> TRY IT: Restate all entries word for word, minus pictures.

---------- EXERCISE MATERIAL ----------

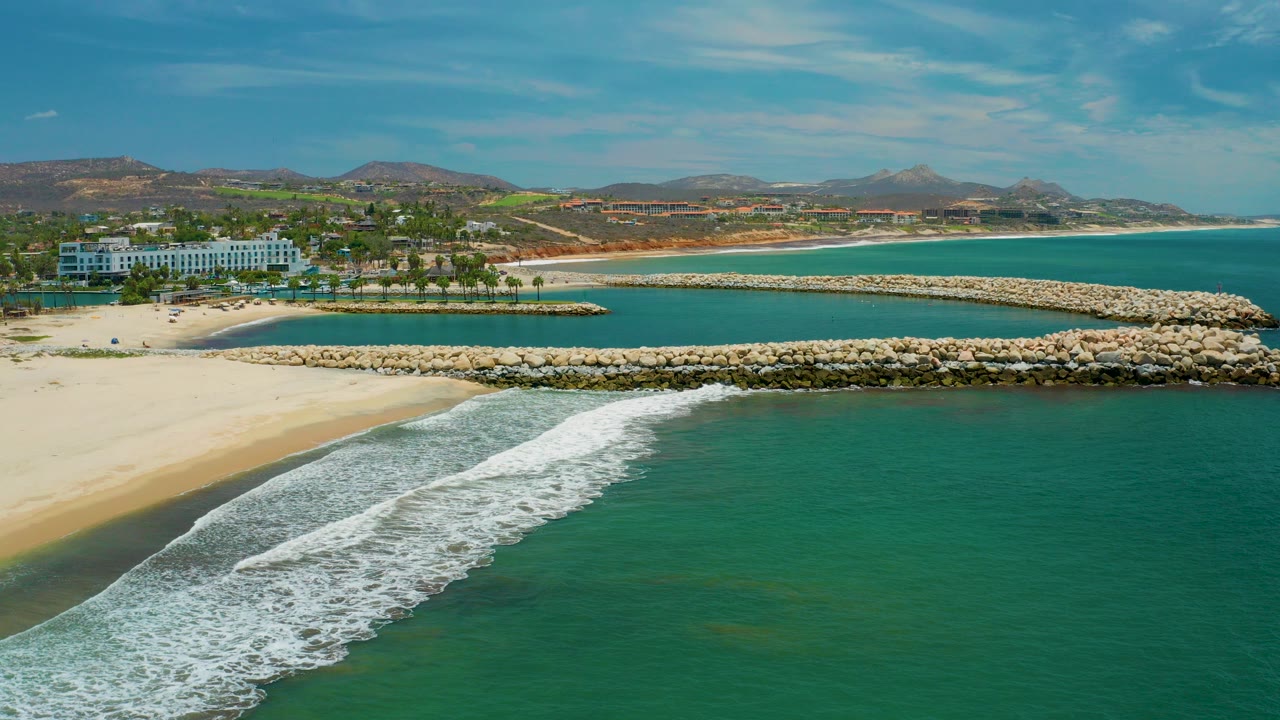 Aerial frame over San Jose Del Cabo showing white surf crossing green-blue water toward pale sand, a rock breakwater, distant resort buildings, low hills, and no visible people.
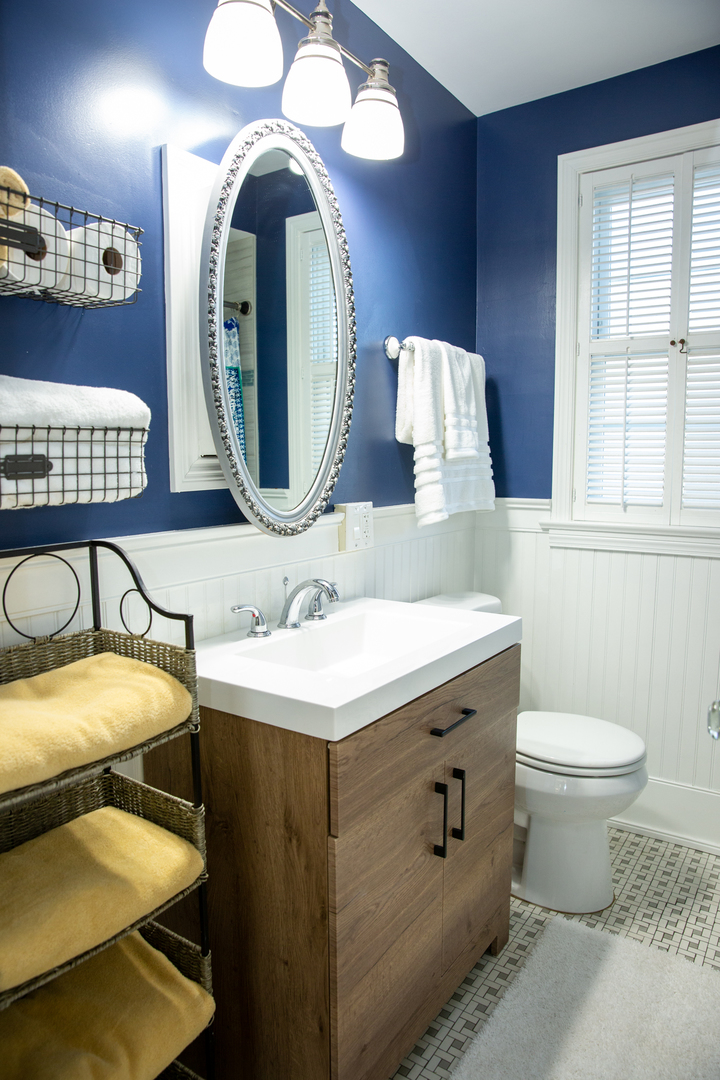 2453 South 3rd Avenue North Riverside, IL 60546 - Photo 8 of 17 a bathroom with a toilet a sink and a mirror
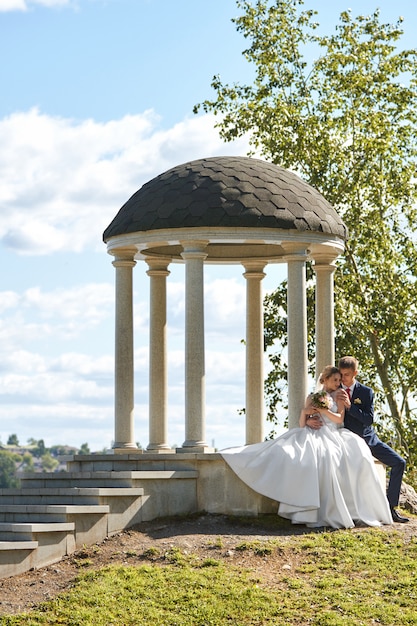 Bride and groom at the wedding in nature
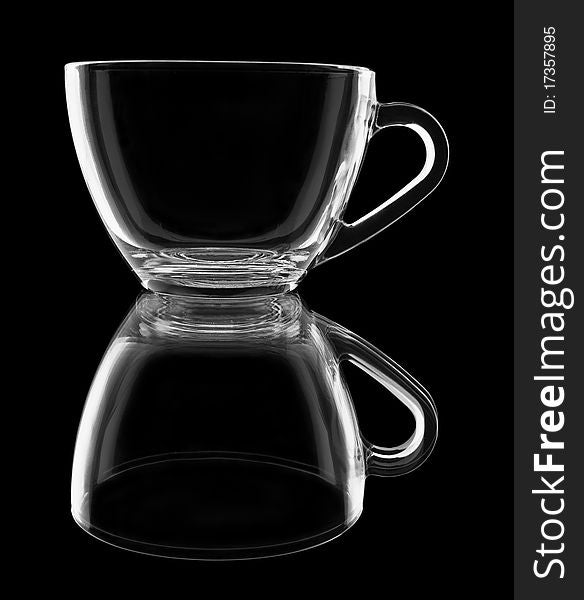 Transparent cup with reflection on black background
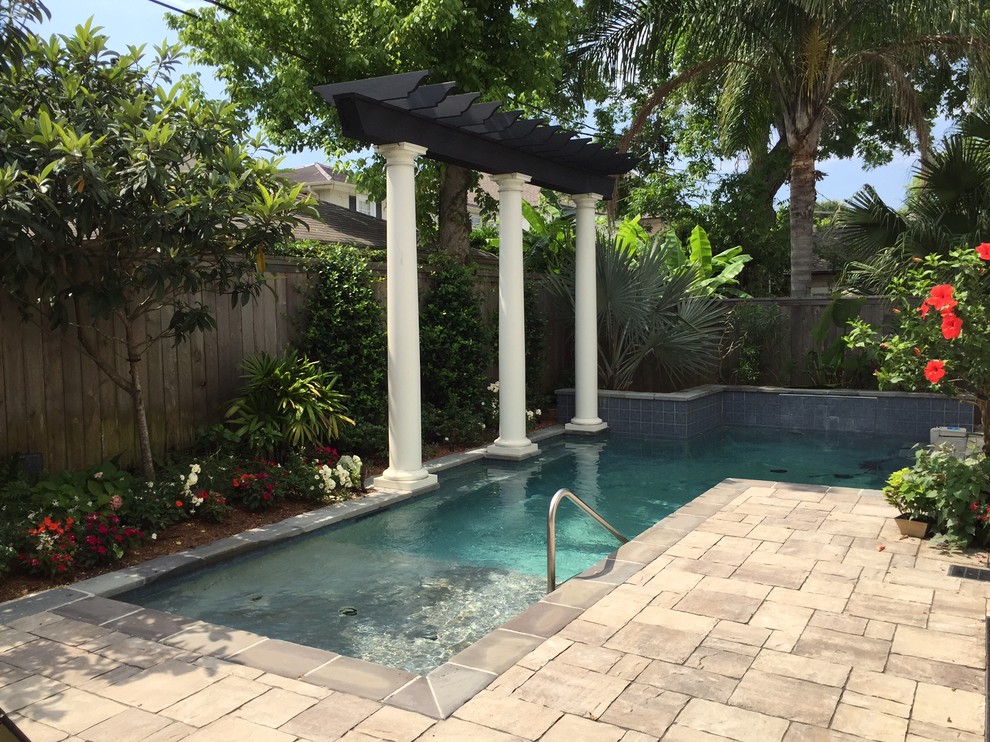 Imagen de piscina con fuente alargada clásica de tamaño medio rectangular en patio trasero con adoquines de piedra natural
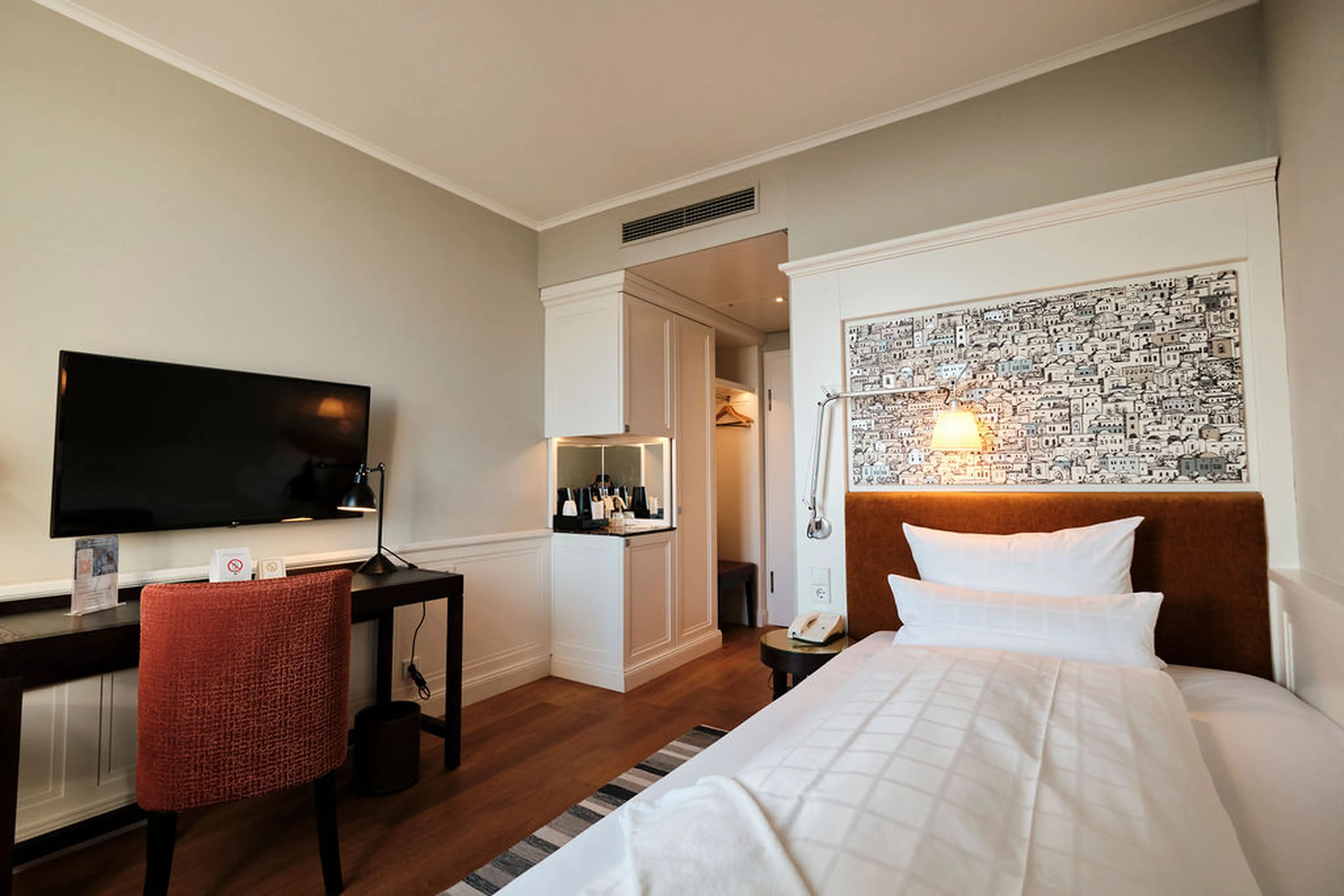 Modernes Hotelzimmer mit Einzelbett, Wandlampe, TV, Schreibtisch, rotem Stuhl, Telefon und kleinem Kleiderschrank. Wanddekor über dem Bett.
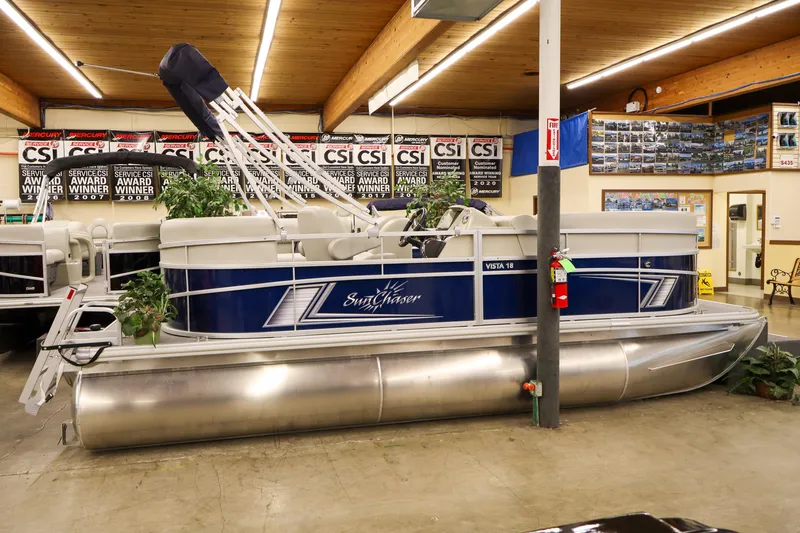 Slide: The Image of 2025 SunChaser Vista 18 Fish pontoon boat displayed indoors with award banners. - 3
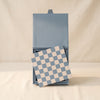 Reverra leather chess set by Printworks with the board shown in the open box on a natural cotton backdrop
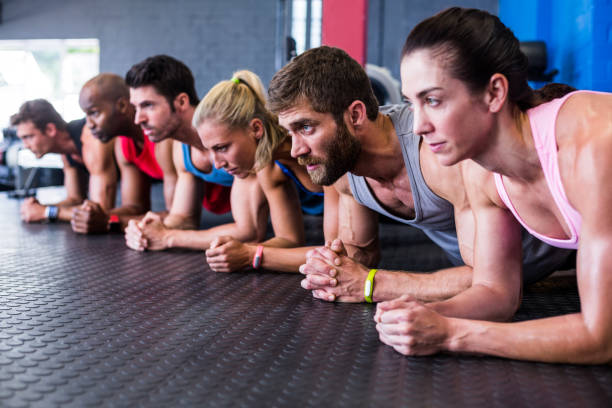 istock Serious friends exercising in gym 649864124
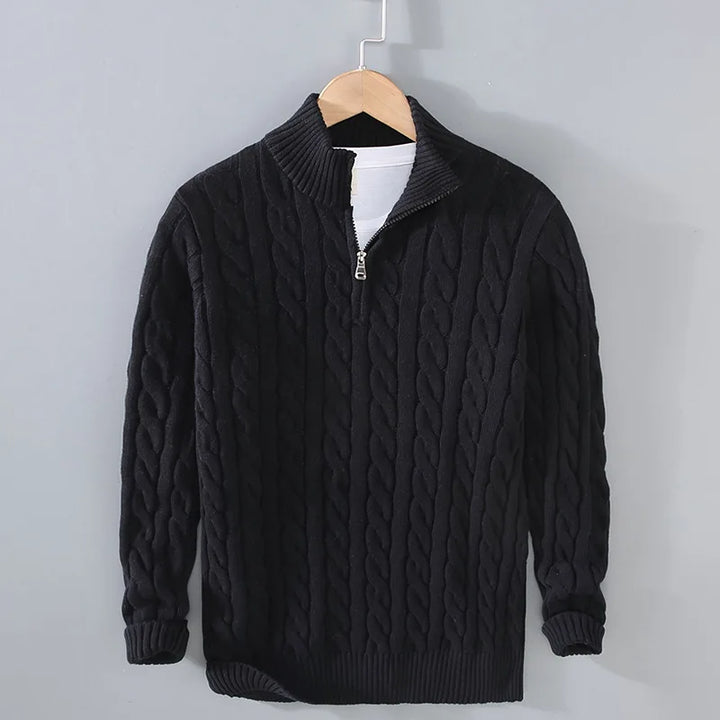 Half-zip detail on a women's cable knit pullover sweater, perfect for layering and warmth.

----------

> TASK OUTPUT:
 Aerial frame over San Jose Del Cabo showing white surf crossing green-blue water toward pale sand, a rock breakwater, distant resort buildings, low hills, and no visible people.
 2453 South 3rd Avenue North Riverside, IL 60546 - Photo 8 of 17 a bathroom with a toilet a sink and a mirror
 Bride and groom at the wedding in nature
 Transparent cup with reflection on black background
 Imagen de piscina con fuente alargada clásica de tamaño medio rectangular en patio trasero con adoquines de piedra natural
 Modernes Hotelzimmer mit Einzelbett, Wandlampe, TV, Schreibtisch, rotem Stuhl, Telefon und kleinem Kleiderschrank. Wanddekor über dem Bett.
 Slide: The Image of 2025 SunChaser Vista 18 Fish pontoon boat displayed indoors with award banners. - 3
 Reverra leather chess set by Printworks with the board shown in the open box on a natural cotton backdrop
 istock Serious friends exercising in gym 649864124
 Half-zip detail on a women's cable knit pullover sweater, perfect for layering and warmth.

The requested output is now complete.